Opinion
No. 91-1143.
November 24, 1992.
Appeal from the Circuit Court, Escambia County, Lacey Collier, J.
Nancy A. Daniels, Public Defender, and P. Douglas Brinkmeyer, Asst. Public Defender, Tallahassee, for appellant.
Robert A. Butterworth, Atty. Gen., and Richard Parker and Edward C. Hill, Jr., Asst. Attys. Gen., Tallahassee, for appellee.
Timothy James Walls has appealed the terms of the trial court order placing him on probation, entered after his plea of nolo contendere to forgery, uttering, petit theft, and exploiting an aged person. Specifically, Walls alleges that the written order of probation imposes a condition not orally pronounced, and that the trial court impermissibly delegated the determination of the amount of restitution to Walls' probation officer.
Following Walls' entry of the plea described above, the trial court sentenced him to a term of incarceration followed by probation. The judge ordered restitution as a condition of probation, and orally stated that "that amount will be proposed to you by the probation department. If you disagree with the amount, you have a right to return to the court for a hearing and I would specify the amount of restitution that must be made." Condition (12) of the written probation order reflected this pronouncement, requiring Walls to "make restitution . . . as determined by Parole and Probation." Condition (9) of that order stated that "the court retains jurisdiction to place you in the Probation and Restitution Center upon recommendation of your Probation . . . Officer without the finding of Violation of Probation. . . ."
Walls argues that the trial court erred in delegating to his probation officer the judicial function of determining the amount of restitution. He also argues that Condition (9) must be stricken, in that it was not orally pronounced at sentencing. The state concedes error on the latter issue, and requests remand for correction of the probation order. As to the delegation issue, the state argues that Walls did not object to the trial court's method for determining the restitution amount, and maintains that the issue is frivolous, citing James v. State, 499 So.2d 24 (Fla. 1st DCA 1986) (court termed "frivolous" the exercise of the right to appeal on this issue, in that it could easily have been brought to the trial court's attention and remedied).
A special condition of probation will be stricken from the written probation order if the trial court failed to pronounce the condition orally at sentencing. See, e.g., Evans v. State, 602 So.2d 998, 999 (Fla. 1st DCA 1992). Condition (9) of the written probation order herein, although not precisely phrased as a condition, was not orally pronounced at sentencing. Based on Evans, and on the state's concession of error, we remand with directions to strike Condition (9) from the written probation order herein.

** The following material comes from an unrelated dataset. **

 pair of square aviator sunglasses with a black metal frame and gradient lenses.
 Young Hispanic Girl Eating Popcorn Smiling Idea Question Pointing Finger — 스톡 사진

The trial court's delegation to Walls' probation officer of the determination of the amount of restitution was clearly error, Shaddix v. State, 599 So.2d 269 (Fla. 1st DCA 1992), which was not remedied by the trial court's offer to hold a hearing should Walls disagree with the probation officer. See Masslieno v. State, 498 So.2d 628, 629 (Fla. 1st DCA 1986) (court reversed similar delegation despite possibility that trial court could have been called upon to resolve any disagreement between defendant and probation officer as to the amount).
As for Walls' failure to object, a trial court order of restitution in an amount to be determined by the probation officer constitutes an unlawful delegation of judicial responsibility to a nonjudicial officer, Masslieno at 628, and the failure to object does not confer the authority to violate the law in this manner. Larson v. State, 572 So.2d 1368, 1371 (Fla. 1991). Walls' failure to object therefore creates no bar to consideration of the issue herein, on which we reverse and remand for further proceedings.
Despite the James court's denomination of the issue as "frivolous," we note that the court nevertheless reversed and remanded for a restitution hearing. We also reverse and remand, but adopt the caveat in James that appeals on this issue are frivolous where remedies are available before the trial court. See King v. State, 546 So.2d 122 (Fla. 1st DCA 1989).
Based on the foregoing, we reverse the order on appeal and remand with directions to strike Condition (9) from the written probation order, and for the determination of the amount of restitution by the trial court and the entry of an order reflecting the trial court's determination of that amount.
JOANOS, C.J., and SHIVERS and ZEHMER, JJ., concur.